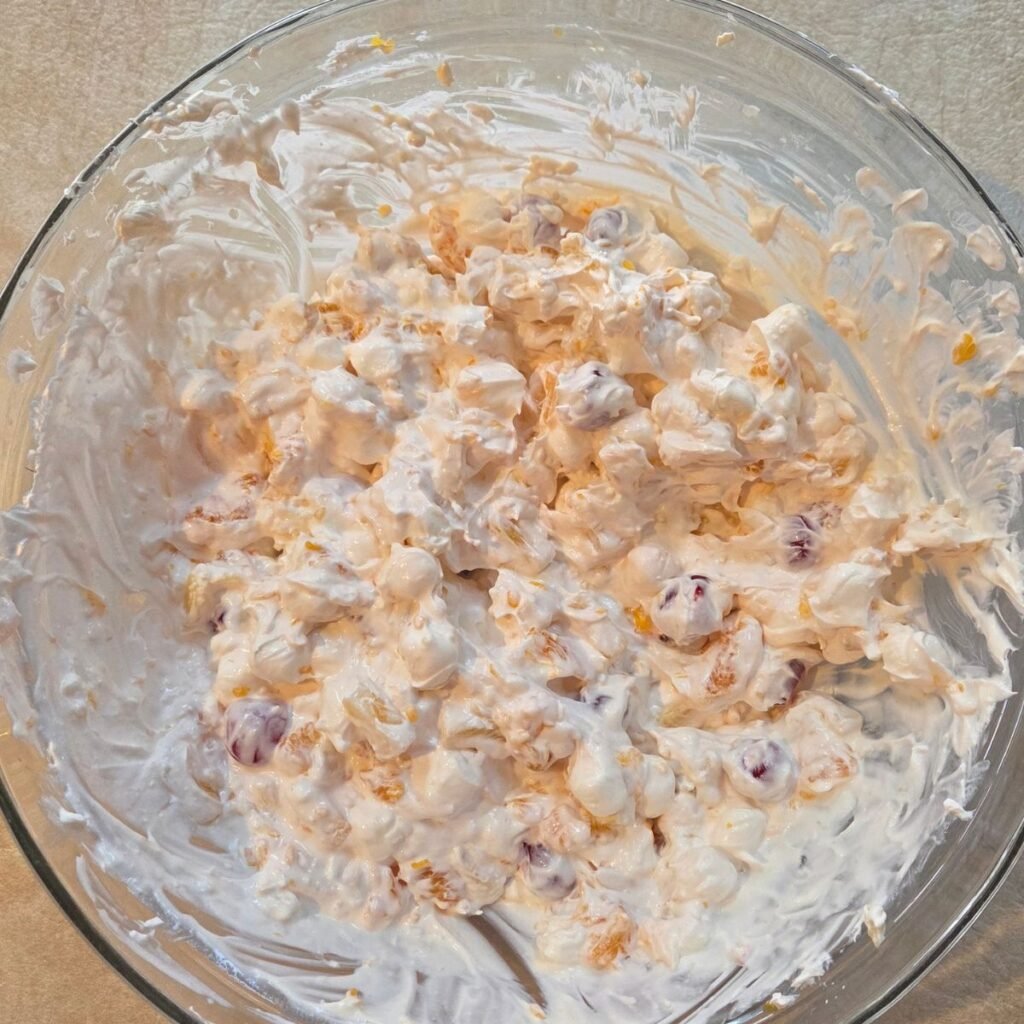 Ambrosia ingredients combined with the whipped cream mixture.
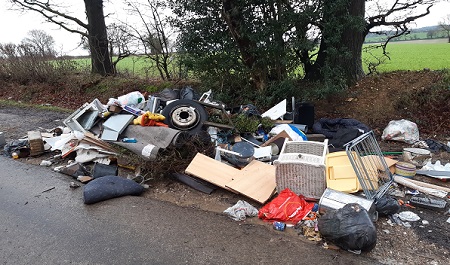 Example of fly-tipping Large pile of waste including tyres, bin bags and furniture dumped at the edge of a country lane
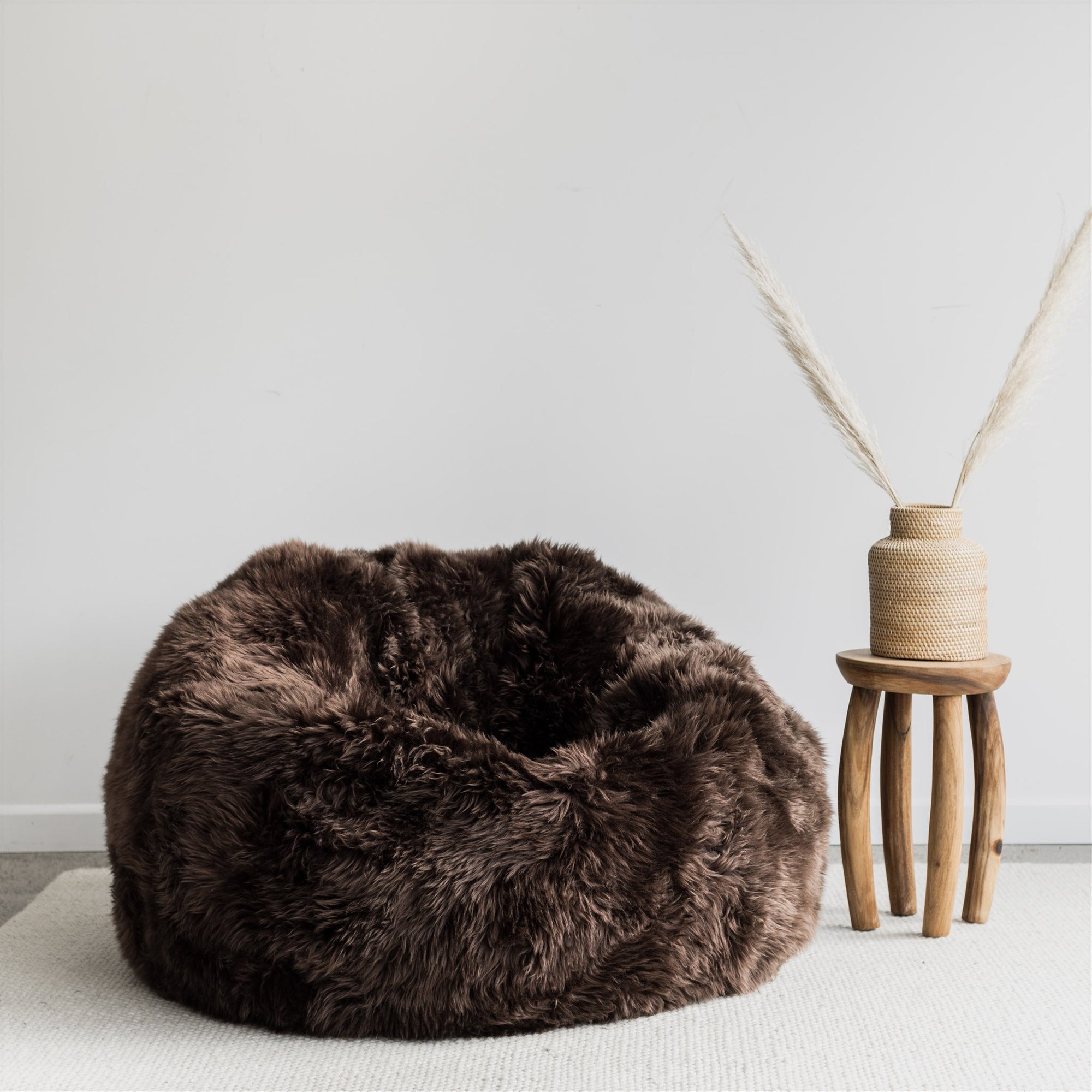 dark brown filled nz sheepskin beanbag chair from corcovado with the african side table in wood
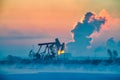 The oil pumping units sunrise in winter in Daqing oil fields Royalty Free Stock Photo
=====
> **TASK REQUIREMENTS**: I would like you to set down the lines above, from the one containing "Example of fly-tipping" to the final line, exactly as written and without pictures.

> **REPLY**:
 Example of fly-tipping Large pile of waste including tyres, bin bags and furniture dumped at the edge of a country lane
 dark brown filled nz sheepskin beanbag chair from corcovado with the african side table in wood
 The oil pumping units sunrise in winter in Daqing oil fields Royalty Free Stock Photo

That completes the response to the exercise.